Your task: Exactly the lines below, starting with the one containing "Cute Watercolor Tree" and going on through the one containing "recipe websites. A", must be reproduced, both ends included, and no pictures with them.

Extracted information:

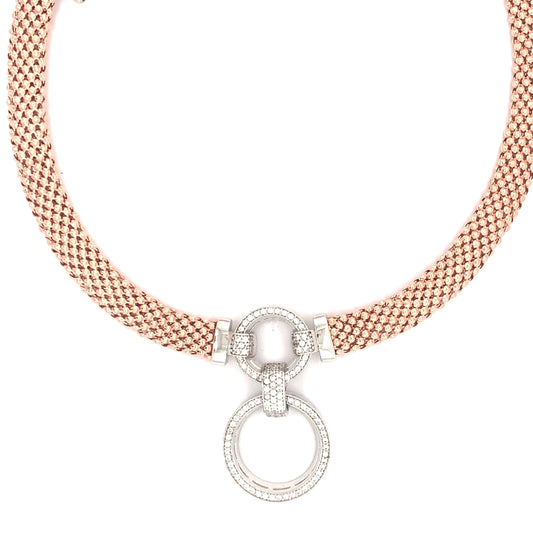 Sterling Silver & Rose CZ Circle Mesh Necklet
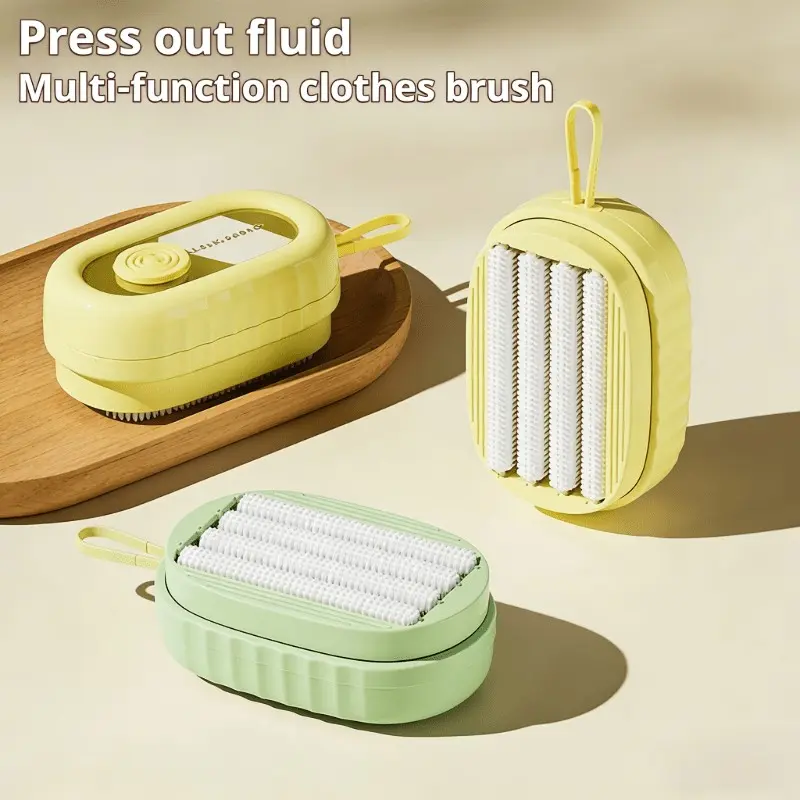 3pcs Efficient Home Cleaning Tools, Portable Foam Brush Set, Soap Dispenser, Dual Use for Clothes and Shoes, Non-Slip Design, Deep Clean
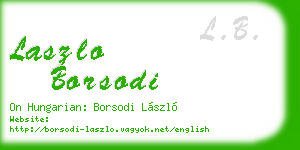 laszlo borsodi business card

...

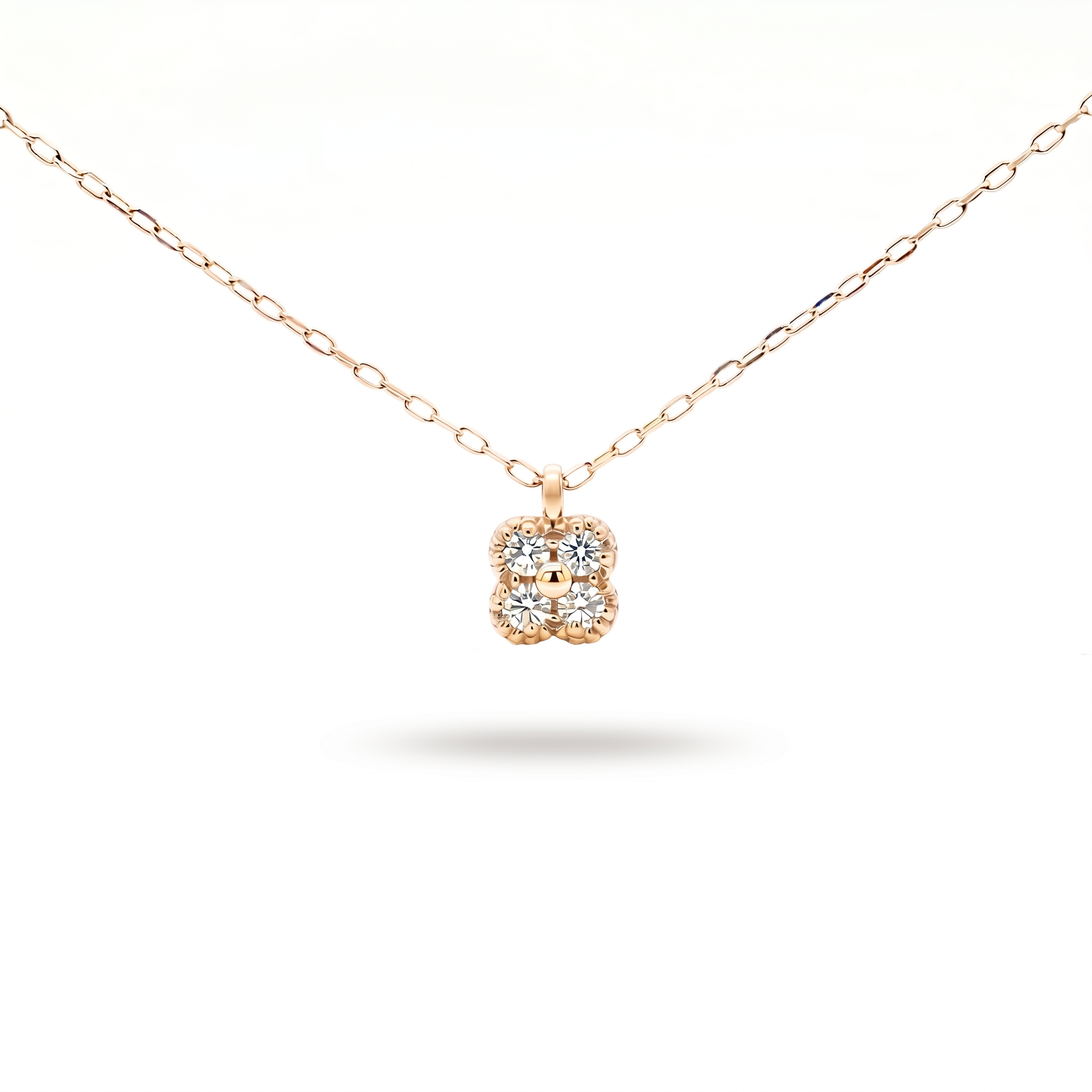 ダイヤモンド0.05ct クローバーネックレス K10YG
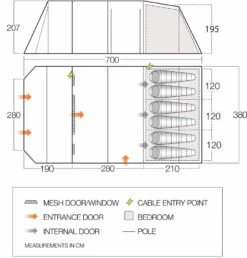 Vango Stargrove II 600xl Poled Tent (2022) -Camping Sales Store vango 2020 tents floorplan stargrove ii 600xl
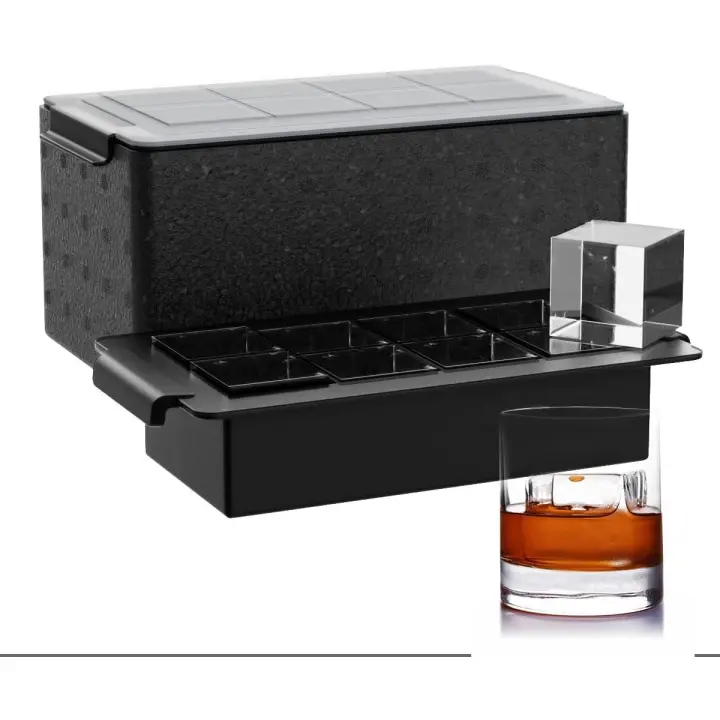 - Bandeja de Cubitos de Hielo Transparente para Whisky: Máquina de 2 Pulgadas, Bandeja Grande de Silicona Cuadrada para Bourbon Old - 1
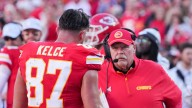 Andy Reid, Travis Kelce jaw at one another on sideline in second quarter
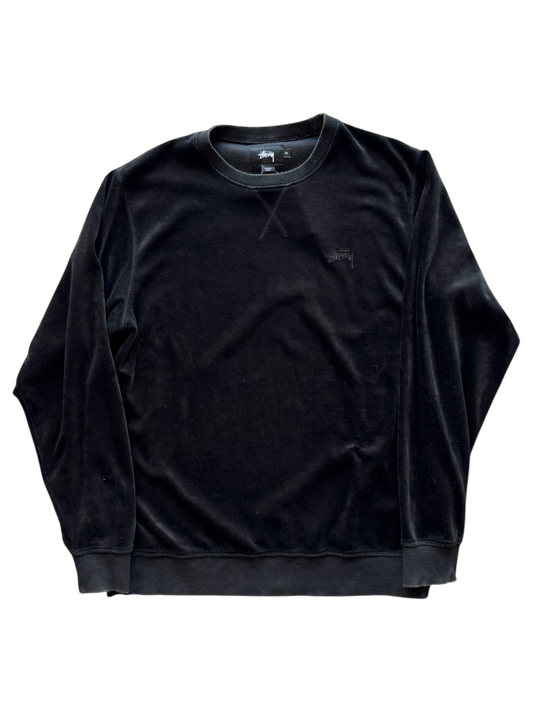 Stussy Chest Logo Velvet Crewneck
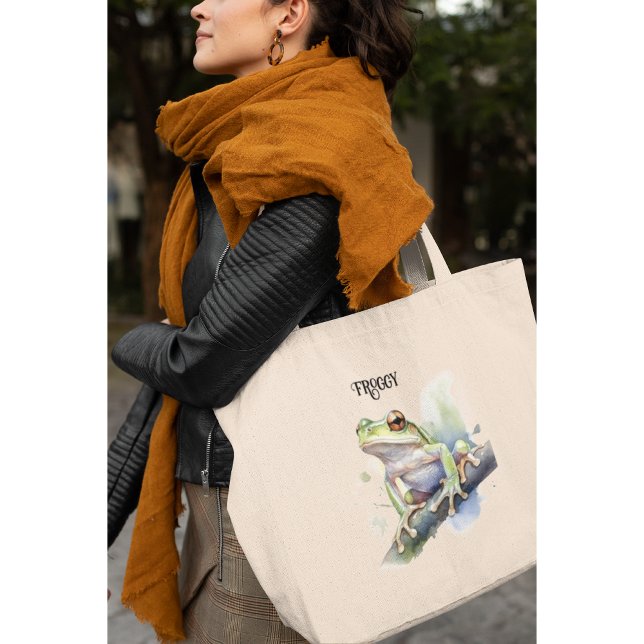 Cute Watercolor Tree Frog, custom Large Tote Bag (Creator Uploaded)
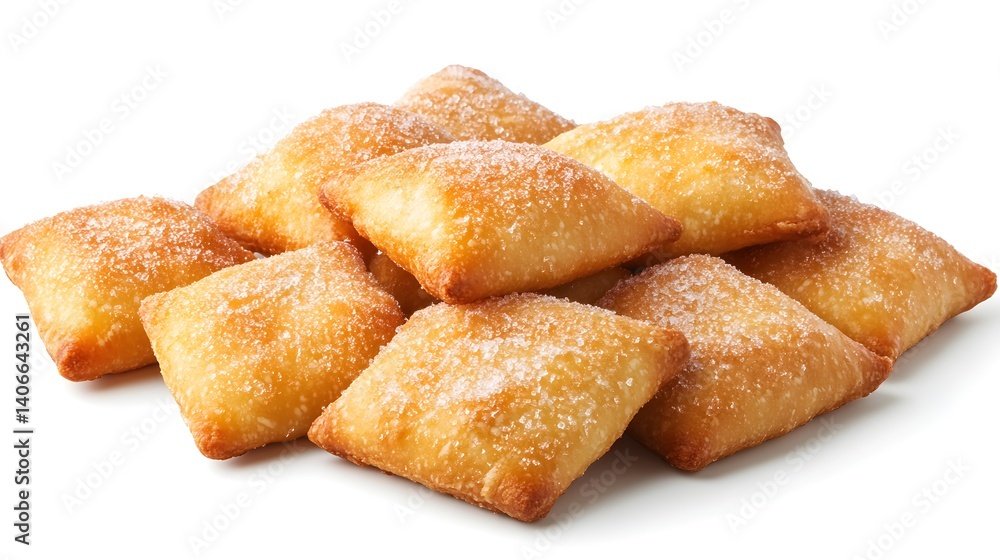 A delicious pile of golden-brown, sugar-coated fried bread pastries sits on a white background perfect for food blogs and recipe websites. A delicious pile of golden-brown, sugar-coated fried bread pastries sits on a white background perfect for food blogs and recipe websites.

...

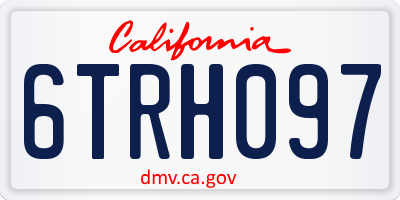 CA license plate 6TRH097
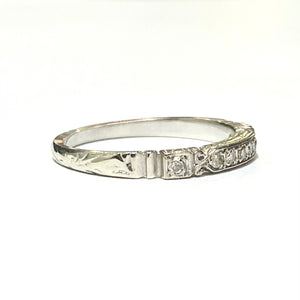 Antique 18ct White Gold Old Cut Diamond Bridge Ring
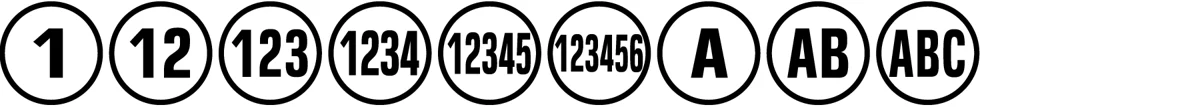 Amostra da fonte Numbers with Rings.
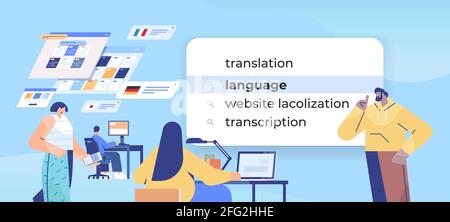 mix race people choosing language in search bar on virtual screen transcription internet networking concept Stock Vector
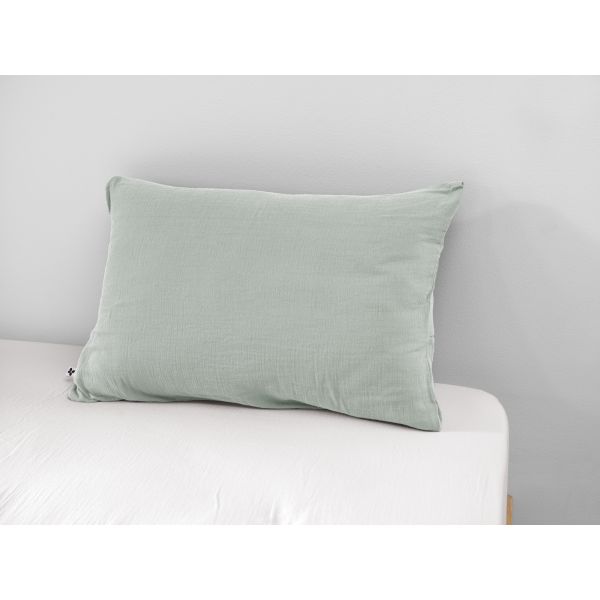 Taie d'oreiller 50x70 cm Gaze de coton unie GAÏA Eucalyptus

Solution for this problem:
 Cute Watercolor Tree Frog, custom Large Tote Bag (Creator Uploaded)
 A delicious pile of golden-brown, sugar-coated fried bread pastries sits on a white background perfect for food blogs and recipe websites. A delicious pile of golden-brown, sugar-coated fried bread pastries sits on a white background perfect for food blogs and recipe websites.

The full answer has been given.